For landowners considering hosting solar, battery storage, onshore wind, or supporting grid infrastructure, the key message is that the connections landscape is changing fast, and early decisions around grid strategy and deliverability matter more than ever.
Last year we explored what it will take to make Great Britain a clean energy superpower, and why grid capacity is critical to delivery. Since then, the National Energy System Operator (NESO) and Ofgem have continued implementing connections reform to address a queue that has grown far beyond what is needed to meet national targets. Under the “first come, first connected” approach, speculative schemes could hold queue positions for years. The current reforms introduce a gated process that places greater emphasis on projects that are demonstrably ready and aligned with system need, with the aim of clearing stalled projects and bringing forward schemes that can realistically be delivered.
In early December 2025, NESO began announcing outcomes from the first ‘Gate 2’ window. These outcomes are starting to give landowners and promoters a clearer picture of where capacity exists, and the early indications suggest that the position differs sharply across the UK. Feedback suggests Scotland is currently presenting a more constrained picture for new onshore wind in particular, while offshore capacity appears stronger. In England, early signs are that onshore wind has greater headroom and solar continues to feature in capacity discussions in a way that may surprise some. We expect the picture to sharpen as more outcomes are confirmed, but the directional trend is important for land strategy.
What this means in practice is that landowners should no longer assume grid access is a simple, linear and quick step that follows site selection. Grid position increasingly shapes what is viable, at what scale, and on what timeline. In some regions, it may influence technology choice at the outset, or make flexibility in scheme design an advantage. It also means that “deliverability” has become more central to securing progress. Even where planning is not yet secured, evidence around land rights, access, programme and scheme definition is becoming increasingly important in demonstrating that a project can move forward.

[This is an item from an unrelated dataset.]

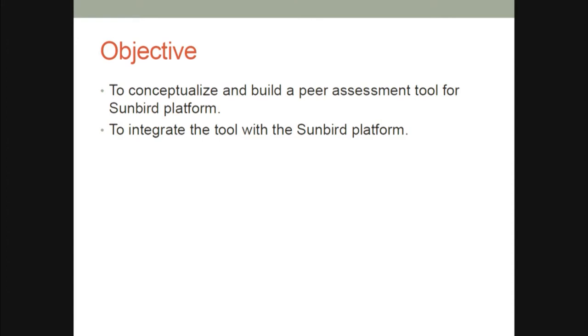This is also useful in a MOOC style of education because the number of learners is more. It also helps students because the teacher gives you the benchmark answer, so next time you know better how to write an answer. Our primary objective here is to conceptualize and build a peer assessment tool for the Sunbird platform, and then integrate that tool with the Sunbird platform. Building something is one thing, but integrating it is a different ballgame altogether.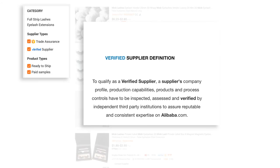You also want to make sure you have the Verified Supplier box ticked. To qualify as a verified supplier, a supplier's company profile, production capabilities, products, and process controls have to be inspected, assessed, and verified by independent third-party institutions — to assure reputable and consistent expertise on Alibaba.com. The important part is 'independent third-party institutions' — this is not Alibaba checking on their own suppliers, so there's no conflict of interest.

These changes have clear commercial implications for landowners. Grid position and deliverability are increasingly influencing whether projects remain viable, how long option agreements need to run, and the level and structure of payments being offered. In a more selective connections environment, developers are placing greater emphasis on flexibility around scheme design and programme certainty, which can in turn affect option durations, break provisions and the balance between fixed and performance-linked payments. For landowners, this reinforces the importance of stress-testing commercial terms against realistic grid and delivery assumptions.
It is also worth remembering that grid reform is only part of the story. Major transmission infrastructure still needs to be delivered to unlock capacity, and this is heavily influenced by consenting routes, public inquiry risk and construction timetables. For landowners, this reinforces the value of understanding how wider grid reinforcement plans could affect both opportunities and timescales on or near their land.
Looking ahead, the next major milestone will be the publication of the first Strategic Spatial Energy Plan (SSEP), expected in late 2026. This will be NESO’s new GB-wide, zonal plan mapping what generation and storage Britain needs, where it should be located and when it should be built, covering electricity and hydrogen out to 2050. The SSEP has been jointly commissioned by the UK, Scottish and Welsh Governments and endorsed by Ofgem.
For landowners, this means future clean-energy opportunities are likely to increasingly reflect zonal priorities set out in the SSEP. Over time, this will influence which technologies are viable in different locations, where grid capacity is directed, and how developers structure their commercial offers.
Landowners considering clean energy options should seek early advice to understand the capacity position, the evolving Gate process and the likely timeline for the next connection application windows. A clear view of grid realities at an early stage will help landowners structure agreements more effectively, set realistic expectations, and align projects with where the system is most able to support delivery.